Choreoathetosis is a known complication of cardiopulmonary bypass. Reoperation on cardiopulmonary bypass may lead to progression or exacerbation of this neurologic injury [7]. To minimize the risk of exacerbation of this condition in a patient with choreoathetosis after prior bilateral bidirectional cavopulmonary anastomosis, we designed a procedure to complete the Fontan connection without using cardiopulmonary bypass.

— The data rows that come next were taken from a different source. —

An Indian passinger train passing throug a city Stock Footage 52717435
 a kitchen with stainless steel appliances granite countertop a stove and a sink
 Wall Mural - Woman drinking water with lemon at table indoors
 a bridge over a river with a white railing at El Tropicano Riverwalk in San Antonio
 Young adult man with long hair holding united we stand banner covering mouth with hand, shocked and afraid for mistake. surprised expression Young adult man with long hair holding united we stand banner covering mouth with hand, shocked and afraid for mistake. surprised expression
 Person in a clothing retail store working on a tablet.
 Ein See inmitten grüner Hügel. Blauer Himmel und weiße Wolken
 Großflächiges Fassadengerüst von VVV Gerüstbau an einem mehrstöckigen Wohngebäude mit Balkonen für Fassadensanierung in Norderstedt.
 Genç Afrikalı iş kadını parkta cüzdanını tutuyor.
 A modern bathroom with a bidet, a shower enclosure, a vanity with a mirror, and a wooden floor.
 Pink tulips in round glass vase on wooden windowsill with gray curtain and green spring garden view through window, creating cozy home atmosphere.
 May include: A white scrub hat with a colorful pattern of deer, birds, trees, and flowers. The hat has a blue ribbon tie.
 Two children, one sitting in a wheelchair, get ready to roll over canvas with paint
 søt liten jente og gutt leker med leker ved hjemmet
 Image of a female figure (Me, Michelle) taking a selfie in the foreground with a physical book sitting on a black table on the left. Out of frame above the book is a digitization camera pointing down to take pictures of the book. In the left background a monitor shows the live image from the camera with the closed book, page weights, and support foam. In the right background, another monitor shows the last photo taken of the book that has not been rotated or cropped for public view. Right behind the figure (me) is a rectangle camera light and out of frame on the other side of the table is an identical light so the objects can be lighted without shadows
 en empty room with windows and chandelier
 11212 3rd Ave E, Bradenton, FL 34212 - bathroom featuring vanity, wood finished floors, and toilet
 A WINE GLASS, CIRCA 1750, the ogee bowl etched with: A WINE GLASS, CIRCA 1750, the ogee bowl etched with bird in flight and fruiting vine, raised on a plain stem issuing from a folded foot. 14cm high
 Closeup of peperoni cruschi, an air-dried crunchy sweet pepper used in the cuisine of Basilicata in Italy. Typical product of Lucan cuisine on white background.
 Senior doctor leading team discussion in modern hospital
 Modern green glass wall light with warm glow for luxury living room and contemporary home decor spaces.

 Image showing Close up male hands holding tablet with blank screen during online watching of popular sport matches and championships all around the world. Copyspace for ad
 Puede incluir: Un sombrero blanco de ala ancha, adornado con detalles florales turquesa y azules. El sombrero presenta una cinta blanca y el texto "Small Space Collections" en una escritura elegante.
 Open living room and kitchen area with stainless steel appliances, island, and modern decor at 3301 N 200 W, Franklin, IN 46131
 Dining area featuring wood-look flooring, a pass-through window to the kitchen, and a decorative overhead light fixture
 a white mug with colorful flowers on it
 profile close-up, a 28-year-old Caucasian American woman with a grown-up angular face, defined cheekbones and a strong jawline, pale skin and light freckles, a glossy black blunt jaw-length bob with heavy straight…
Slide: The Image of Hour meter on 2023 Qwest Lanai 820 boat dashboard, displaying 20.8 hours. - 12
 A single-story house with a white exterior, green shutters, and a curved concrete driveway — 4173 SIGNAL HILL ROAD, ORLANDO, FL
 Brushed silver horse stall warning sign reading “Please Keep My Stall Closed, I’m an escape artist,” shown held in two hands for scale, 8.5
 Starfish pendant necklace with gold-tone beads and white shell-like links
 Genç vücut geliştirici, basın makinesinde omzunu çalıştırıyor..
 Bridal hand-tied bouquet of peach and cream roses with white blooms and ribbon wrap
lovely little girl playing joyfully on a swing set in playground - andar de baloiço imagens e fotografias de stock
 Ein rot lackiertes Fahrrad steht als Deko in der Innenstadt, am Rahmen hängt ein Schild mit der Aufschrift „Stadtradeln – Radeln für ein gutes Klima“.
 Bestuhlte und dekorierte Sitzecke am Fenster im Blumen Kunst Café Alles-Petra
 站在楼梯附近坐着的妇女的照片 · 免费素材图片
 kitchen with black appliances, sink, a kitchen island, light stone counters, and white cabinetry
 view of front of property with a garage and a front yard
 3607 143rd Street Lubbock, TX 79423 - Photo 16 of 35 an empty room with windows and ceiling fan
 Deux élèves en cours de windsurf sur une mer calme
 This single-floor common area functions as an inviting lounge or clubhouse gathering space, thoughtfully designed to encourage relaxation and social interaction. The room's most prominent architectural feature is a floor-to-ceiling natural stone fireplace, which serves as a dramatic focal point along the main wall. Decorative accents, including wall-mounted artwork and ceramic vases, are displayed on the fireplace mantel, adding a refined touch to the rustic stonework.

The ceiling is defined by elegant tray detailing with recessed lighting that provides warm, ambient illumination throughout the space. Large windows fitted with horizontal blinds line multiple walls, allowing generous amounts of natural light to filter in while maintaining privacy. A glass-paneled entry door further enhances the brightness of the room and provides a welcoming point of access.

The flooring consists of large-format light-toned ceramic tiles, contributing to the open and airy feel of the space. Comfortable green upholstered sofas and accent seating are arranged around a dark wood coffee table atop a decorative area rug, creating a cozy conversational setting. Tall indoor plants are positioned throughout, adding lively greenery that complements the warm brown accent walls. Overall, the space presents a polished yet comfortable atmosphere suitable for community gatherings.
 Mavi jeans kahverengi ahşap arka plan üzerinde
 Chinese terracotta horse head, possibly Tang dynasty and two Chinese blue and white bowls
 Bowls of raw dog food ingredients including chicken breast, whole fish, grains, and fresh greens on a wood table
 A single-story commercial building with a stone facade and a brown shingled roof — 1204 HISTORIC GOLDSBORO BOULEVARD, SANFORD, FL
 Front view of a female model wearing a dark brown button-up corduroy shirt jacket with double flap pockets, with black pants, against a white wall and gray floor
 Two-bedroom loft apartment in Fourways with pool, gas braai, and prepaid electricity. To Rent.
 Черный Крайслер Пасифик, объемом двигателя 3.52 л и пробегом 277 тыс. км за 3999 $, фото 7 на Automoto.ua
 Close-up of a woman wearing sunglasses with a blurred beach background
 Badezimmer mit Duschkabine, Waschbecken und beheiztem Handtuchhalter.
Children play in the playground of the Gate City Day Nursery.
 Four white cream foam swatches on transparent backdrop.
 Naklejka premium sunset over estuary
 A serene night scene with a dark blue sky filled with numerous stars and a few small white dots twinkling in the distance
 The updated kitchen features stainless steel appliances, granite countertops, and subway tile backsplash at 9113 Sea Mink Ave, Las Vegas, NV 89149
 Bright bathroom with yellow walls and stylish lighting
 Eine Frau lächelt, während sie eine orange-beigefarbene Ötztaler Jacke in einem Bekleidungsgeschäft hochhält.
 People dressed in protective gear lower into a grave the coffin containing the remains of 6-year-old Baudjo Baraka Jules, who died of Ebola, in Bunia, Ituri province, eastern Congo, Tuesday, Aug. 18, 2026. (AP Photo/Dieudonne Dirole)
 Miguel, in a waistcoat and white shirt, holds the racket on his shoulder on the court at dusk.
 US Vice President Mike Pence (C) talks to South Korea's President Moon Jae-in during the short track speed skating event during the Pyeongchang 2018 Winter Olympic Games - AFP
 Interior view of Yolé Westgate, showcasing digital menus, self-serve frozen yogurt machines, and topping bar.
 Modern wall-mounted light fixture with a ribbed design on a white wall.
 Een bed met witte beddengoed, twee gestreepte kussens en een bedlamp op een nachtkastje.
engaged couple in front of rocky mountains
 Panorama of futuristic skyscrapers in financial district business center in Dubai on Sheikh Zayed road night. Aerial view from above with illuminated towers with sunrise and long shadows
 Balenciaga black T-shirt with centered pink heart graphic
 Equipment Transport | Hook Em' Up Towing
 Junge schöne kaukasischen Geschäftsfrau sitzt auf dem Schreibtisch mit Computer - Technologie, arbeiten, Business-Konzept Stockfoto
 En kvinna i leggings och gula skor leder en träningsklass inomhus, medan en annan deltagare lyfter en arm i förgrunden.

A 6-month-old boy with mitral atresia, double-outlet single right ventricle, subpulmonary stenosis, and bilateral superior venae cavae (SVCs) underwent a modified Blalock-Taussig shunt. Then, at the age of 17 months, the child underwent a bilateral bidirectional cavopulmonary anastomosis and atrial septectomy. Postoperatively, choreoathetosis developed. The patient's neurologic status gradually improved so that by discharge he had only moderate choreoathetoid movements including tongue thrusting, facial grimacing, and arm movements.
At the age of 7 years, the child was referred for a Fontan procedure because of worsening cyanosis. His neurologic status had improved so that he could now walk, self-feed, attend school, and speak in short phrases with mild speech difficulties. The preoperative neurologic examination demonstrated moderate choreoathetoid movements centered in the face and arms. Preoperative echocardiographic findings were consistent with mitral atresia, double-outlet right ventricle, subpulmonary stenosis, and an unrestrictive atrial septal defect. Preoperative cardiac catheterization confirmed patent bilateral bidirectional cavopulmonary anastomoses with good distal pulmonary artery anatomy. The transpulmonary gradient was low, with bilateral mean pulmonary artery pressures of 12 mm Hg and atrial pressures of 9 mm Hg. The pulmonary-to-systemic flow ratio was 0.8, with a pulmonary vascular resistance index of 0.8 Wood units per meter squared. Resting arterial oxygen saturation was 75% with a hemoglobin level of 16 g/dL.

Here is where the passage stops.